When I saw him a couple of weeks later, his forefinger and thumb were a nasty black-purple. It was a wonder he hadn’t lost the fingers.

A colorful guy, with tons of great stories to tell. A bit of a controversial character if you happened to disagree with one of his many strongly held opinions. And a wonderful engineer with a great understanding of how things worked, and how to explain it to people so that they would understand.

6 Replies to “Jobst Brandt and the Bicycle Wheel”

  1. I have #029 of this tensiometer, in excellent condition in its original box with foam cutout. It is so nicely made- a pleasure to hold and use. Unfortunately, I don’t have a calibration chart for it. I’ve thought about backward engineering one using my DT Swiss tensiometer, but that sounds kinda time consuming…Anyway, thanks for the post!

    1. The original calibration was just done by hanging weights on spokes, measuring the displacement with the device, and plotting it. So you could easily recreate your own chart.

  2. Nice story. I myself am a road cyclist and physicist at SLAC who lives in La Honda. Having moved here in 2004 I doubt I ever saw him on the road, but I have run across Tom Ritchey, who lives on Skyline, from time to time. No helmet there either. I have a copy of Jobst’s book, of course, as well as a very nicely made tensiometer (with the newer digital gauge) in this design:

    https://www.wheelfanatyk.com/store/digital-tension-gauge/

    Cheers!

  3. Thanks, guys, I know you’re both familiar with that neck of the woods.
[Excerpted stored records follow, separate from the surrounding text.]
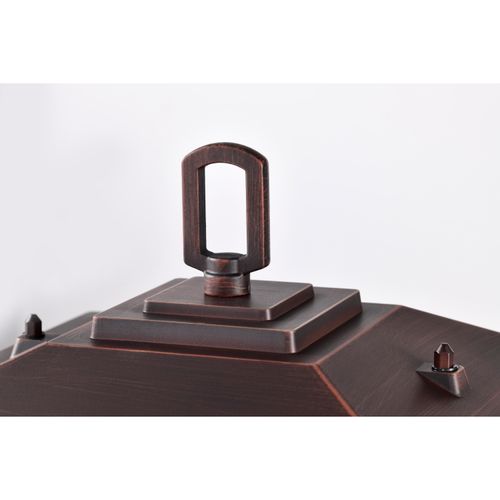 Main product image of Cove Neck Collection Outdoor Large 16 inch Post Light Pole Lantern Rustic Bronze Finish w/ Clear Seeded Glass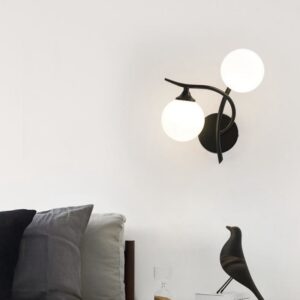 Bedroom Wall Lamp Hallway Black Wall Lights Glass Wall Lamps Home Wall Lighting G9 Bulb (left)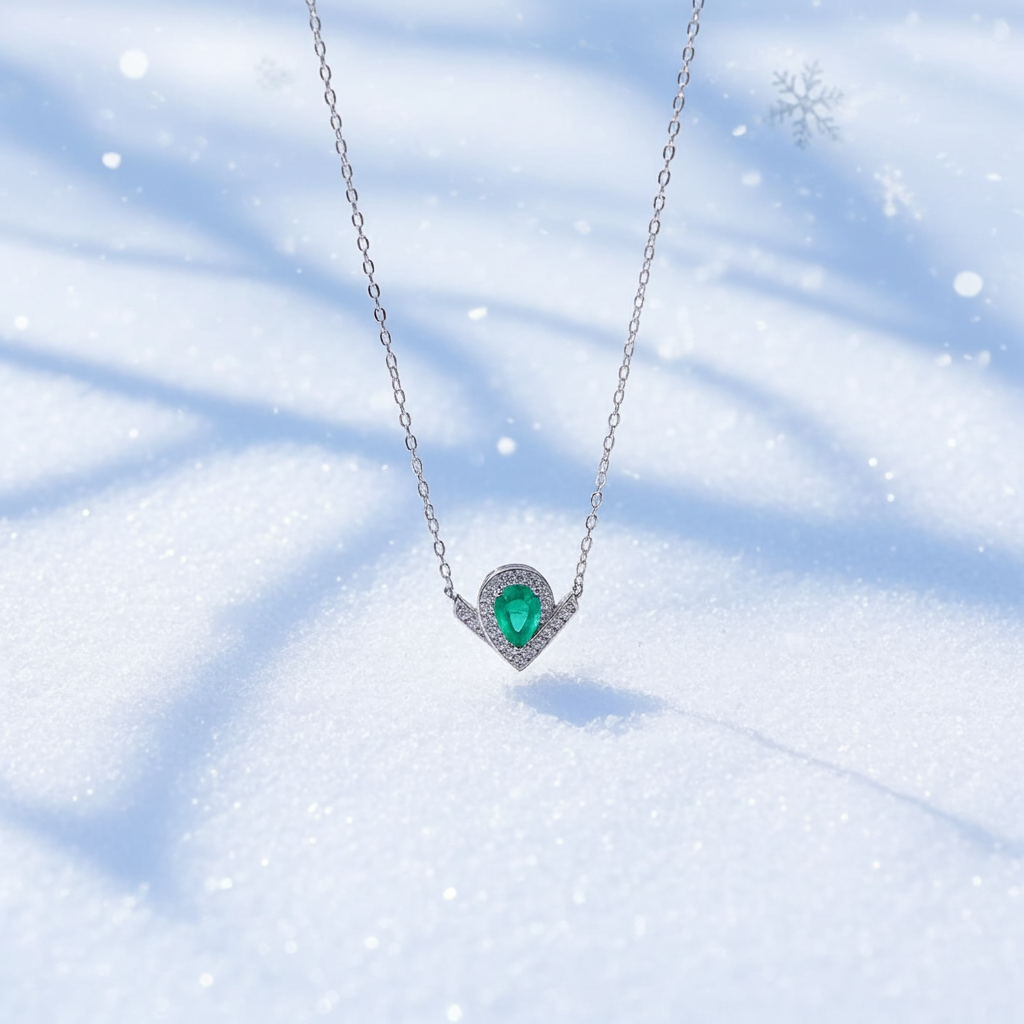 Natural Emerald Teardrop Pendant Necklace 5x7mm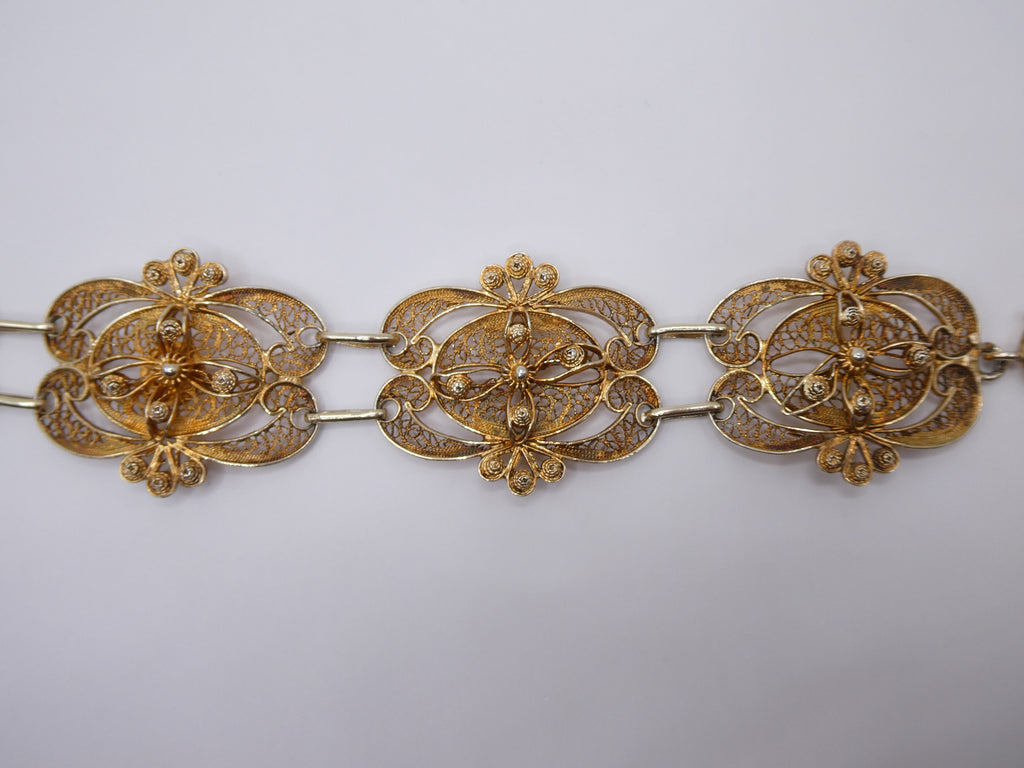 Vintage Gold Over Sterling Filigree Panel Bracelet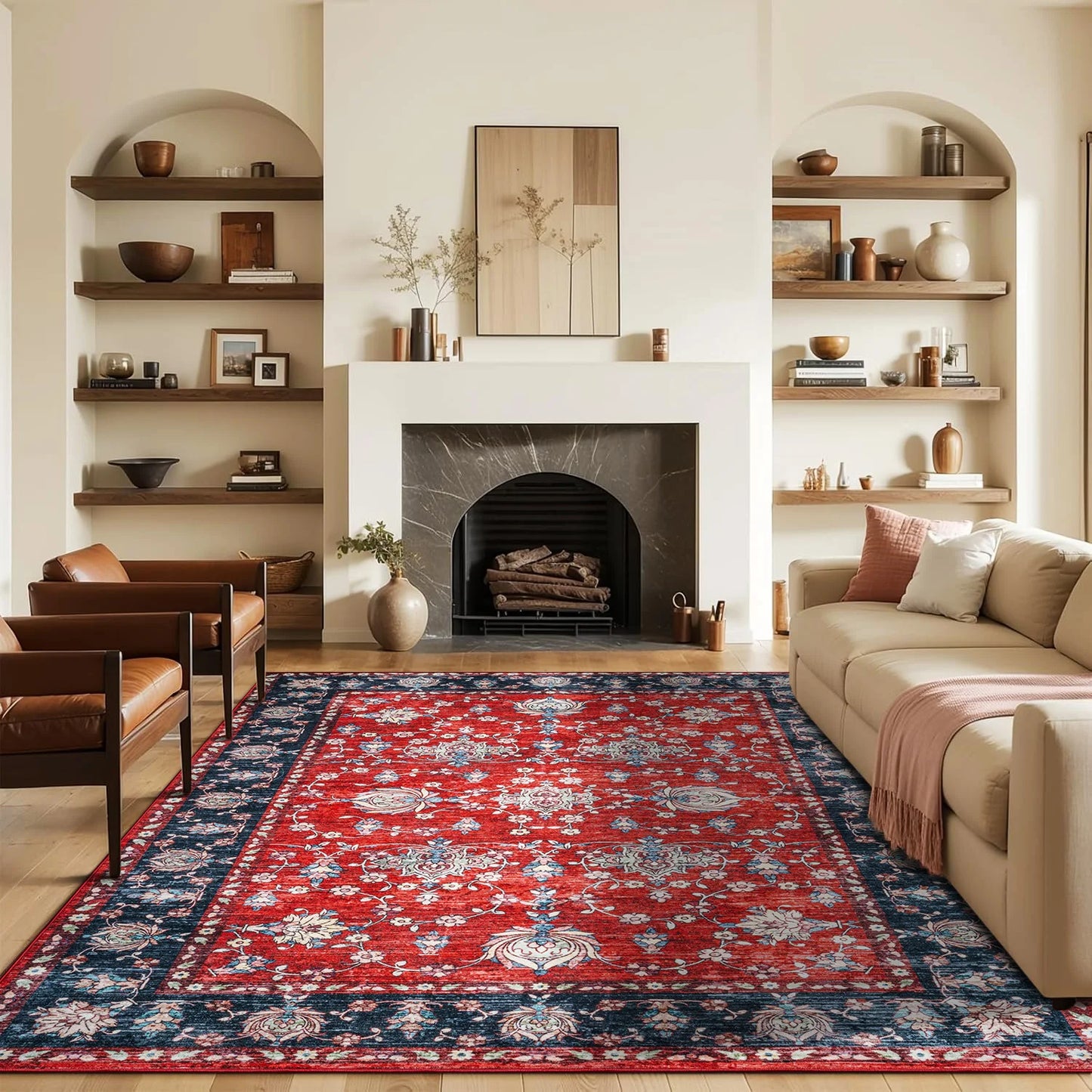 Machine Washable Vintage Non Slip Low Pile Area Rug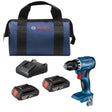 Bosch GSR18V-400B22 18V Compact Brushless 1/2" Drill/Driver Kit with (2) 2.0 Ah SlimPack Batteries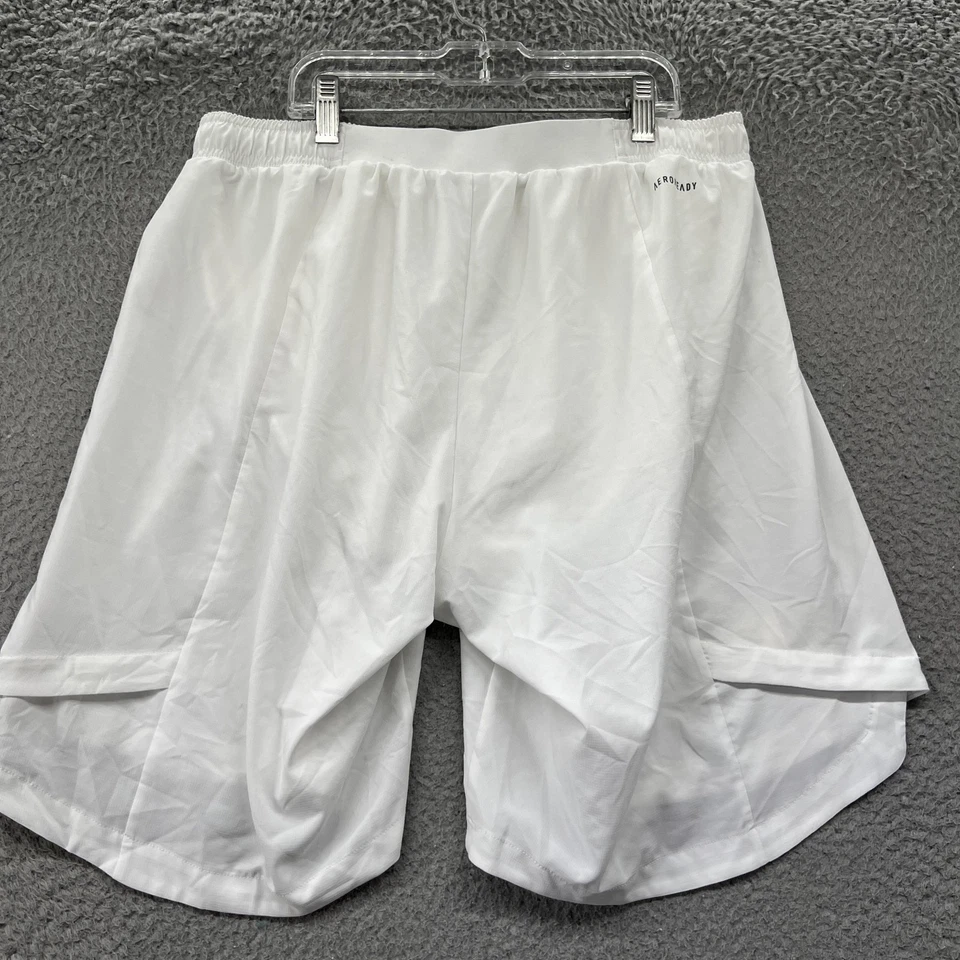 New England Revolution Shorts Mens Large White MLS Soccer Adidas Performance - Image 2 of 4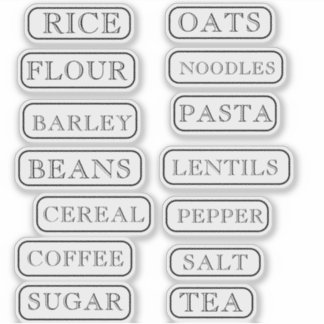 Kitchen Pantry Cupboard Produce Food Labels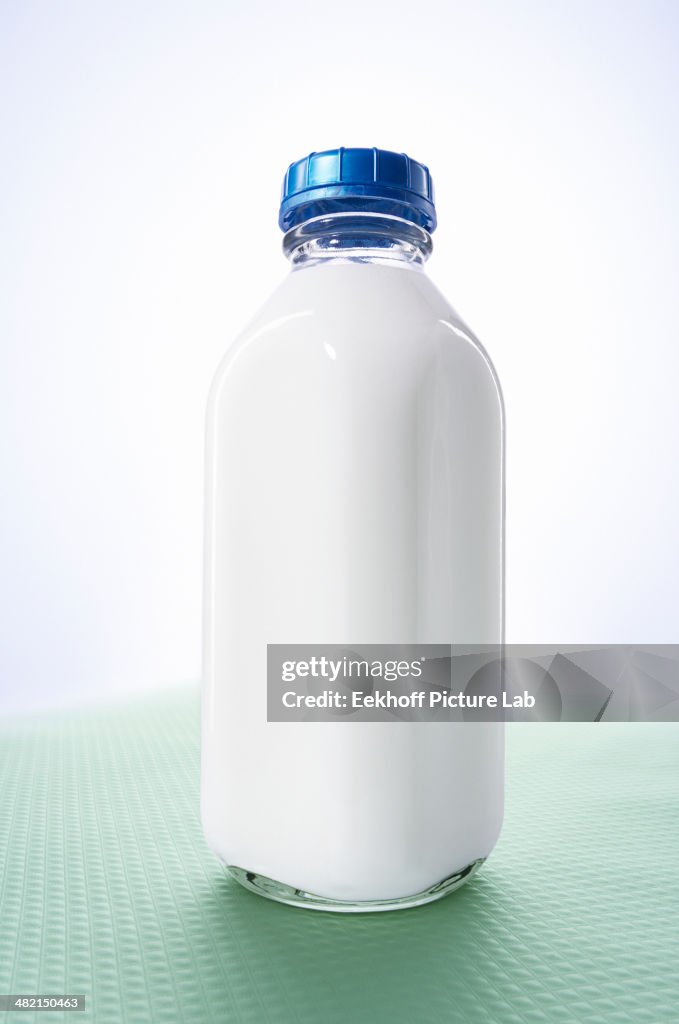 Close up of bottle of milk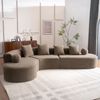 Ecksofa 327 x 215 x 80 cm Braun Chenille mit 7 cm Polsterung, montagefrei und komfortabel im modernen L-Design Bild 3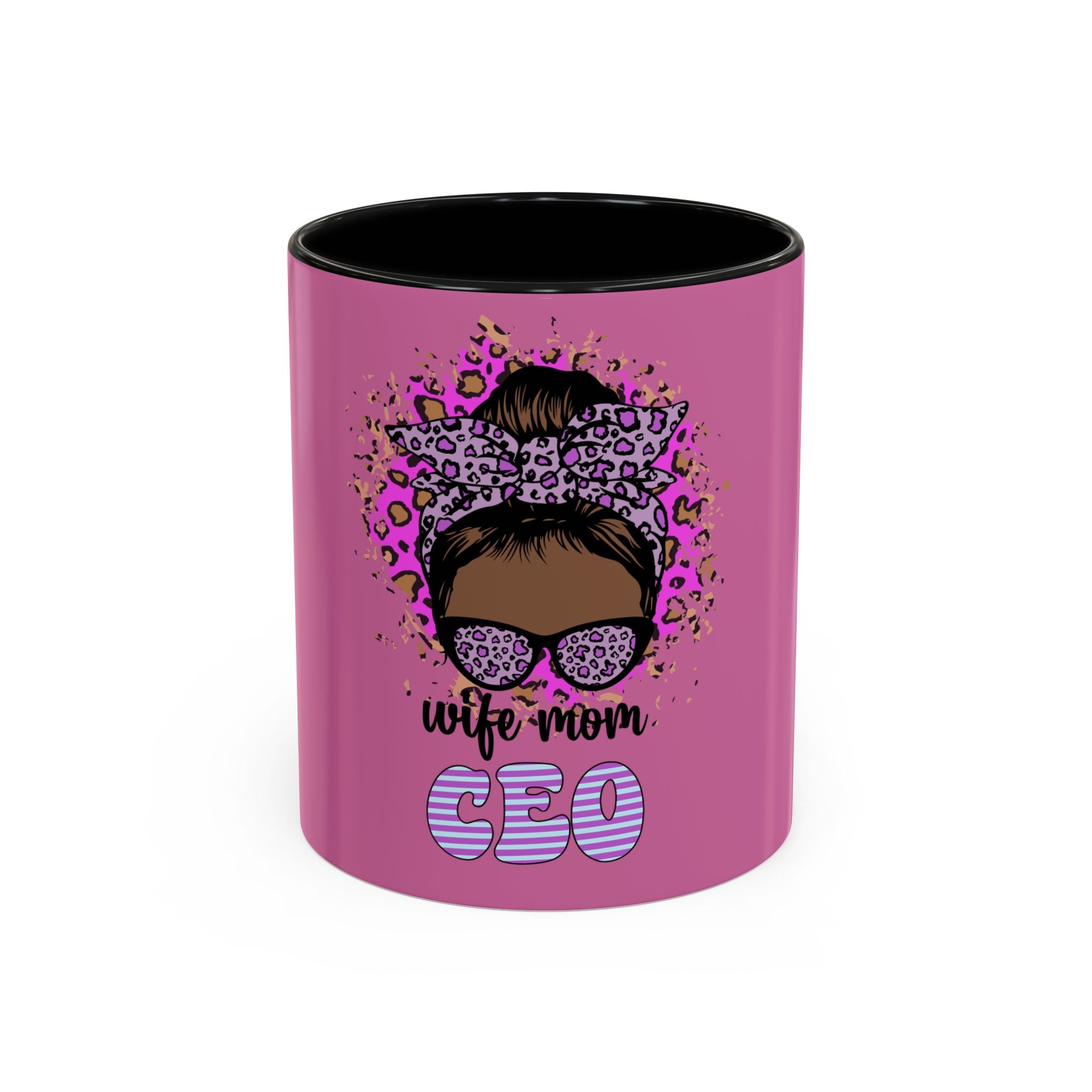 Wife Mom CEO Accent Coffee Mug - Pink Leopard Headwrap & 'Wife Mom CEO' Graphic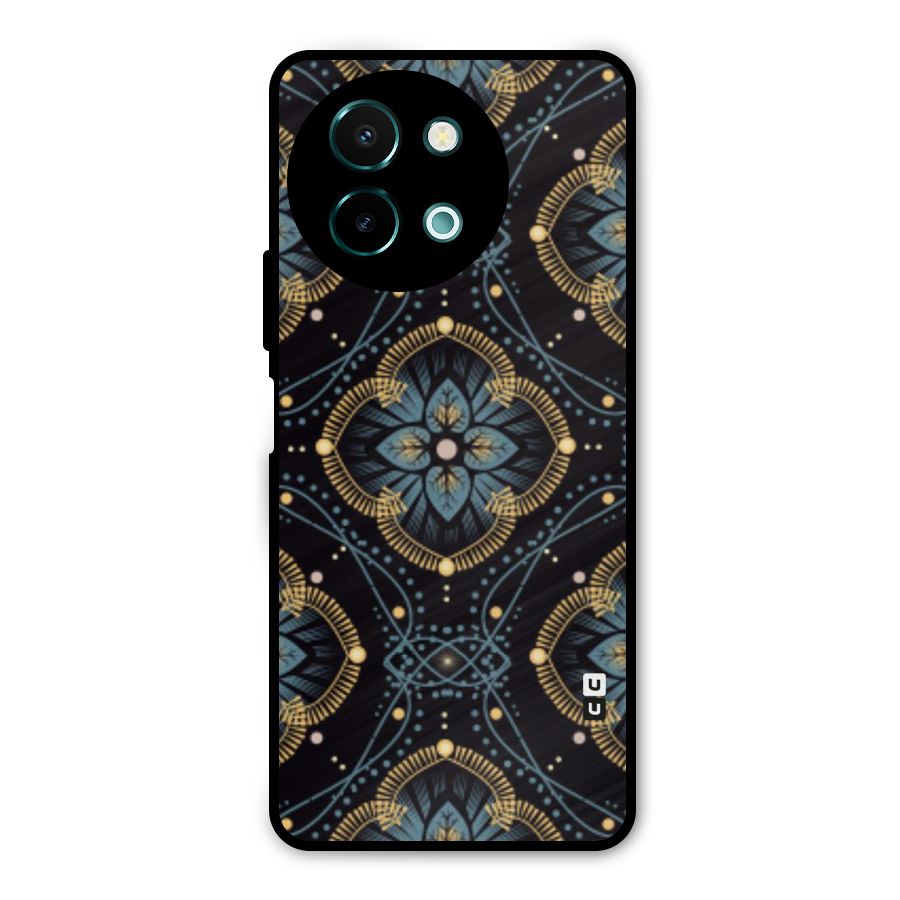 Blue With Black Flower Metal Back Case for Vivo Y58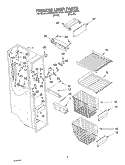 FREEZER LINER Diagram and Parts List for KSRU22FKWH04  KitchenAid Refrigerator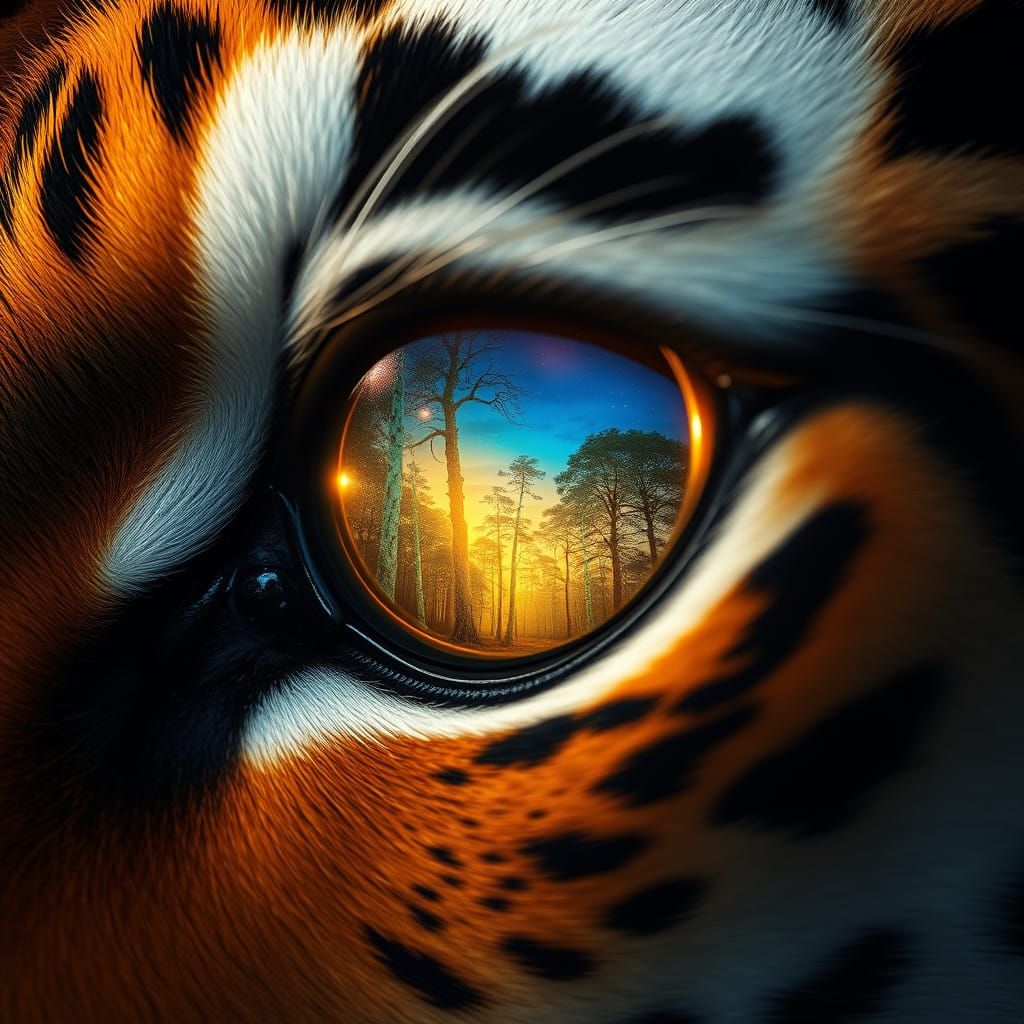 Eye of the Tiger: Mystical Forest in Golden Iris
I’ve got great memories of road rides down the spine of the Santa Cruz mountains and off-road rides through the redwoods from my apartment in Los Gatos to the coast. I just came across something this week that triggered my memory of Jobst, and I thought it had an interesting engineering/design connection. Thanks for the comments!

  4. Very nice story Matt. Interesting guy.. I appreciate and relate,.. know all the areas well.. and also rode to work over Dumbarton and a lot of Ca…. I still have my little Avocet computers on my bikes.